Emma Overman, this month’s City Gallery artist, had long wanted to move into the city and fell in love with the Mapleton-Fall Creek neighborhood when she bought her house there a few years ago.  These days, she plays at the Children’s Museum and wanders the winding wooded streets with her daughter, Annabel.  Overman’s quirky, whimsical paintings are easily recognizable by the emotive wide faced children she sets in fantastical, sylvan, fairy tale-like settings.  But “A Stroll Around the Block” particularly celebrates her Mapleton-Fall Creek adventures with Annabel.  From the specific house on Pennsylvania that she always thought would be a grand place to have a party to the decrepit tower on 32nd and Washington that embodies every little girls’ princess dream, viewers will recognize several iconic places in this neighborhood.

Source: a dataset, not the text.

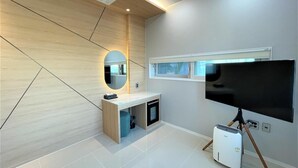 Un baño moderno con tocador, espejo, televisión y un calentador portátil.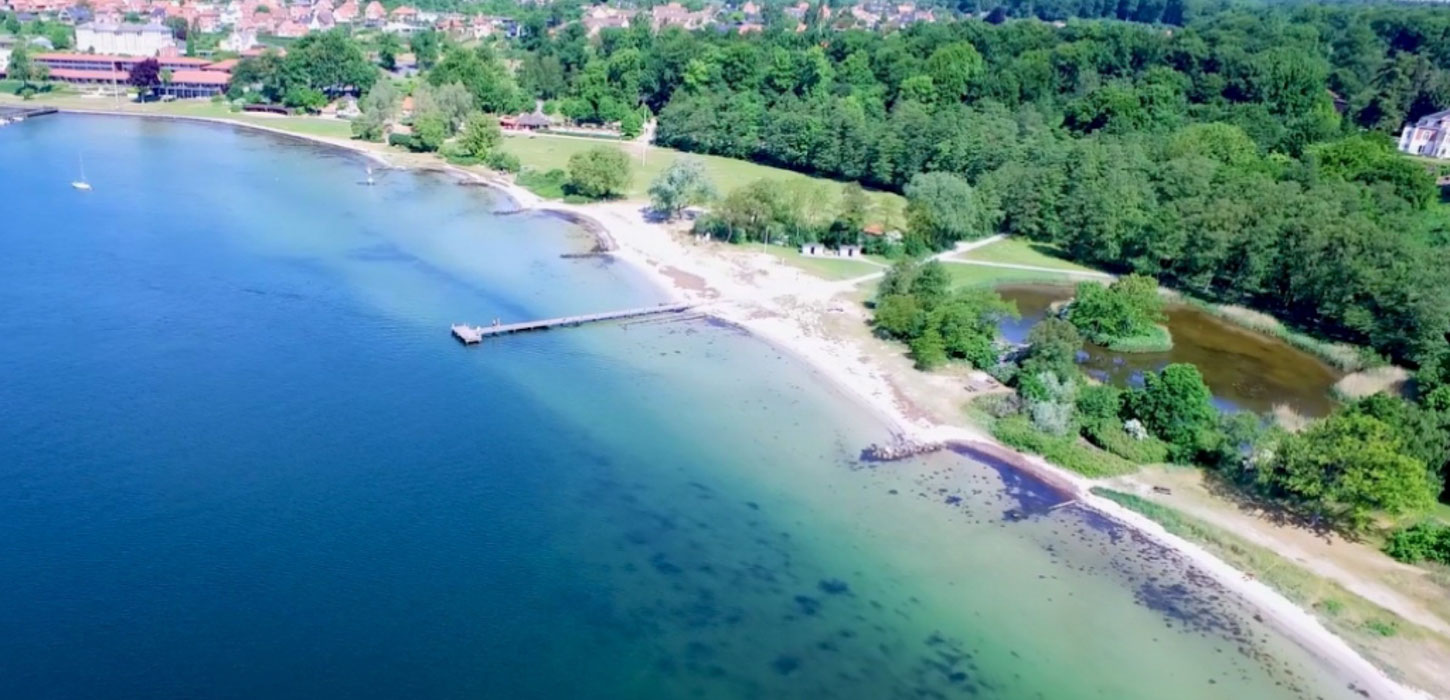 Strand set ovenfra med lyst sand og blåt og turkis vand.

But Emma’s pieces, beautifully framed in salvaged and newly painted vintage frames, feature more than the crumbling grandeur of historically significant architecture.  Sneaky vegetables grown by the man on Emma’s block “primarily because he wants to teach the neighborhood children how food grows,”  the waving monkey on the carousel at the Children’s Museum that makes Annabel laugh, hedgehogs (trimming hedges, no less), and squirrels (“I couldn’t have a city-themed show without them”) peak out of many of these paintings.  The school bus stops on the corner, an orange curtain flutters through a window, and on Delaware street, a rooster crows.

City-Slicker

“City Slicker,” Emma’s painting of a rooster is inspired by both the rooster on her block who often wakes her in the mornings, and her early-rising husband.  Some people might be surprised to find a rooster in the heart of the city, but Indianapolis stands virtually alone as a city in which both chickens and roosters are allowed, with no maximum number and no permit required.  In fact, according to city code, if you have the space, “horses, ponies, mules, donkeys, jackasses, and llamas are allowed” in city limits. My family eats eggs from the chickens raised by my doctor-neighbor down the street.  At her house, my city-kids have seen brand new baby chicks pecking their way out of their eggs, carried full grown hens around under their arms, and hunted for fantastically colored eggs in the nesting boxes in her garage.  My urban neighborhood, like Emma’s, has given my children a much broader experience than I ever would have expected.

As the weather warms up, we open our windows (and hear our rooster crowing) and spend evenings out on the street with our neighbors.  We feel like we get reacquainted with our own little corner of the city every spring.  This month, come to the City Gallery for a surprising and delightful stroll around Mapleton-Fall Creek as seen through the eyes of an enthusiastic resident, one of Indianapolis’s favorites, Emma Overman.